Personal information
- Full name: Dominic Anthony John Rigby
- Born: 17 November 1970 (age 55) Ayr, Ayrshire, Scotland
- Batting: Right-handed

Domestic team information
- 2002–2003: Scotland

Career statistics
| Competition | List A |
| Matches | 2 |
| Runs scored | 19 |
| Batting average | 19.00 |
| 100s/50s | –/– |
| Top score | 15* |
| Catches/stumpings | 1/– |
- Source: Cricinfo, 20 June 2022

= Dominic Rigby =

Scottish cricketer and administrator

Dominic Anthony John Rigby (born 17 November 1970) is a Scottish former cricketer and administrator.
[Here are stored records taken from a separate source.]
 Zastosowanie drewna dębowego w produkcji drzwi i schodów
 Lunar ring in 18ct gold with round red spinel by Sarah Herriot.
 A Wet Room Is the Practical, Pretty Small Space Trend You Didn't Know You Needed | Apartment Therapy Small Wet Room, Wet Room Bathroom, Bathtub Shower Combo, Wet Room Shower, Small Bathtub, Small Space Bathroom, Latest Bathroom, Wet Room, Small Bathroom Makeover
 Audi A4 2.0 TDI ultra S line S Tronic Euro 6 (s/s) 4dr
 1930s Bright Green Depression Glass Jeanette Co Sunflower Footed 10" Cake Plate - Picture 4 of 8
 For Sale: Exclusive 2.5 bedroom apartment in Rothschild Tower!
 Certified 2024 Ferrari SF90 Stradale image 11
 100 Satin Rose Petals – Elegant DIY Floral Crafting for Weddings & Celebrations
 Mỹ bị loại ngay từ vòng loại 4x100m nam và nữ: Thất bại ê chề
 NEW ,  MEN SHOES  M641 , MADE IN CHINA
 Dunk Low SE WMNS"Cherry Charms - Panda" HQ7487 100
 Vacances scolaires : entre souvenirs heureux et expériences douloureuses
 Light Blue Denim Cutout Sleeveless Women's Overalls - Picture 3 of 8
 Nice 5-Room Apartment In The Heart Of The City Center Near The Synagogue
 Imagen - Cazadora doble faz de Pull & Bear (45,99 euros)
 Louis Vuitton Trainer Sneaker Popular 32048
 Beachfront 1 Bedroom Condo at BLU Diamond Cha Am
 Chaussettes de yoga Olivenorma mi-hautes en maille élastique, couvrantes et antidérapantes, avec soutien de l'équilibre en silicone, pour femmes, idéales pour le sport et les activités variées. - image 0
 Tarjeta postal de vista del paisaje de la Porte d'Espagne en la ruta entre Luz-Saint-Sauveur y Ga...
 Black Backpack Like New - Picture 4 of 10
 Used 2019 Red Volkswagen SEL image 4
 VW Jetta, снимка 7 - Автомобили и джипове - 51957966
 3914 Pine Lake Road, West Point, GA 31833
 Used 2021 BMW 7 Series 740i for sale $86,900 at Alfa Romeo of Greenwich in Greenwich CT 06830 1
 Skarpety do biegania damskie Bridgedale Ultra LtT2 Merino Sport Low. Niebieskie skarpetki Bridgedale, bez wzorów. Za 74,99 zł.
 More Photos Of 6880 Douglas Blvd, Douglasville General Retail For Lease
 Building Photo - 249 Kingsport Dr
Rigby was born at Ayr in November 1970. He initially played club cricket in Scotland for Prestwick Cricket Club, he was a member of Scotland's fifteen man squad which toured Zimbabwe in 1994, where he played minor matches against Zimbabwean provincial sides. Rigby later played two List A one-day matches for Scotland against the Lancashire Cricket Board at Aberdeen in the 2nd round of the 2003 Cheltenham & Gloucester Trophy (played in 2002) and Somerset at Edinburgh in the 3rd round of the same competition (played in 2003). He scored 19 runs in these matches, with a highest score of 15 not out against the Lancashire Cricket Board. Rigby later played club cricket in Ireland for Clontarf Cricket Club until 2013.